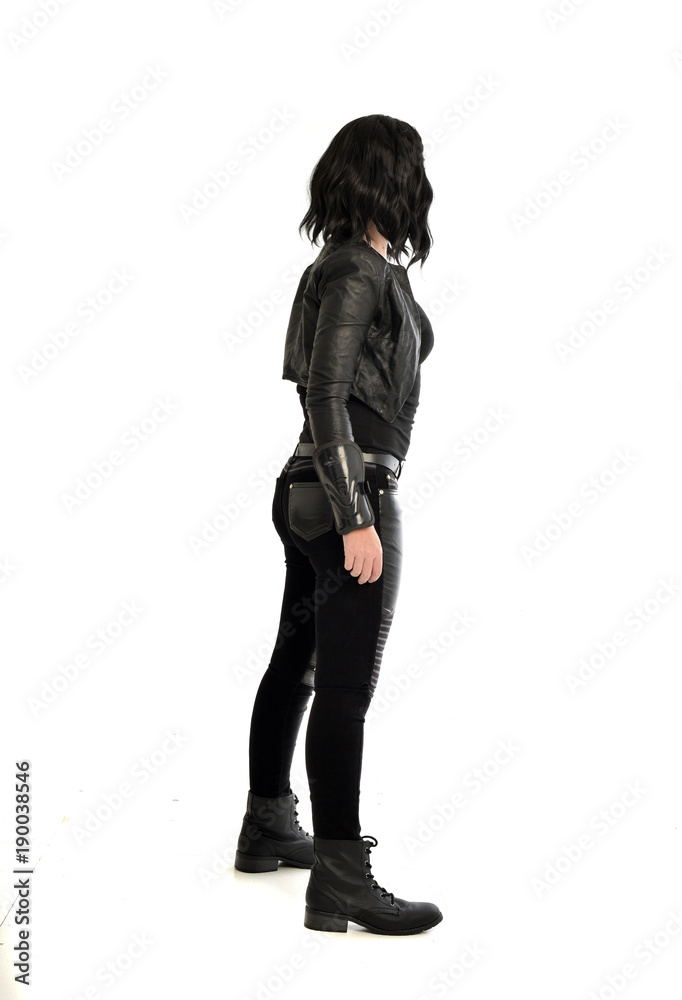 full length portrait of black haired girl wearing leather outfit. standing pose view from behind, on a white background full length portrait of black haired girl wearing leather outfit. standing pose view from behind, on a white background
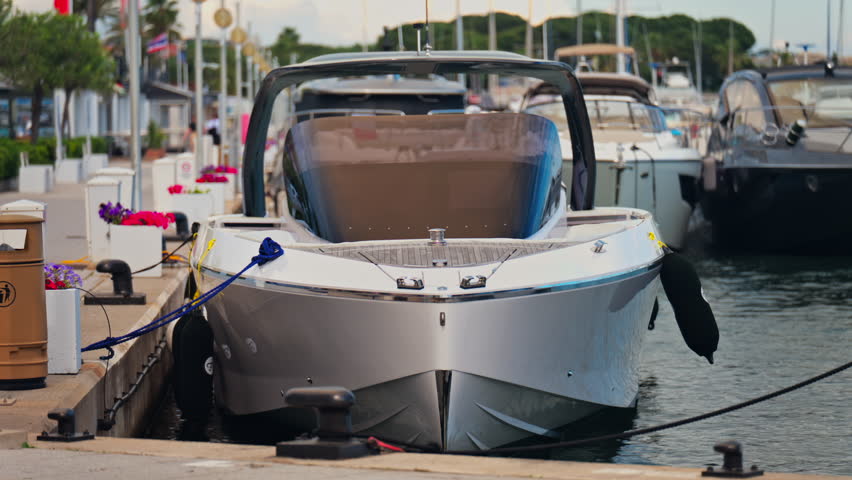 Close up of a boat docked in Port Vauban in Antibes, France in the evening
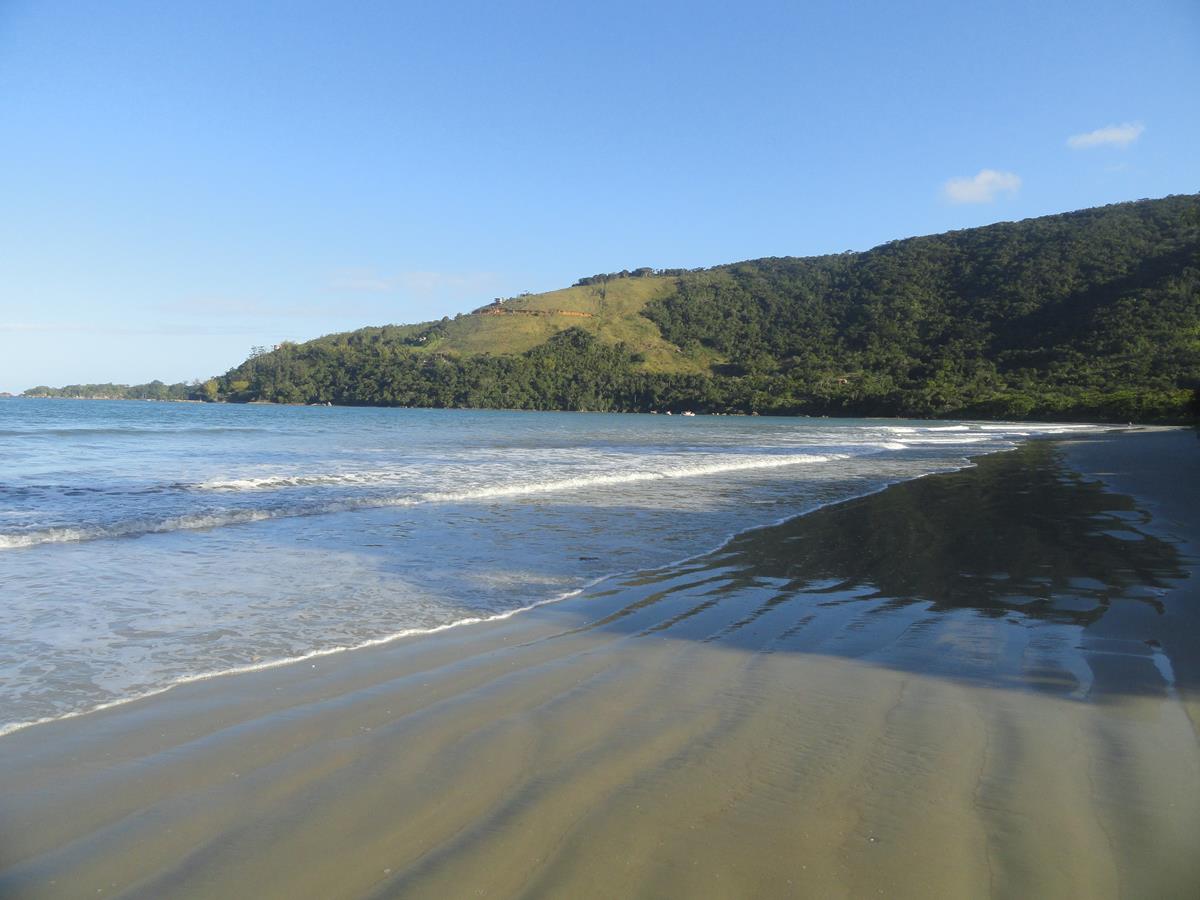 Praia de Maranduba com mar calmo, faixa de areia extensa, no fundo uma montanha verde com árvores e céu azul durante o dia. Imagem ilustrando post Airbnb em Maranduba.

+ + + +

== Exercise instructions ==
The lines from the start of the data through the line that contains "Close up of" are to be returned exactly, please, with both ends included and every picture left out.

== Result ==
 full length portrait of black haired girl wearing leather outfit. standing pose view from behind, on a white background full length portrait of black haired girl wearing leather outfit. standing pose view from behind, on a white background
 Close up of a boat docked in Port Vauban in Antibes, France in the evening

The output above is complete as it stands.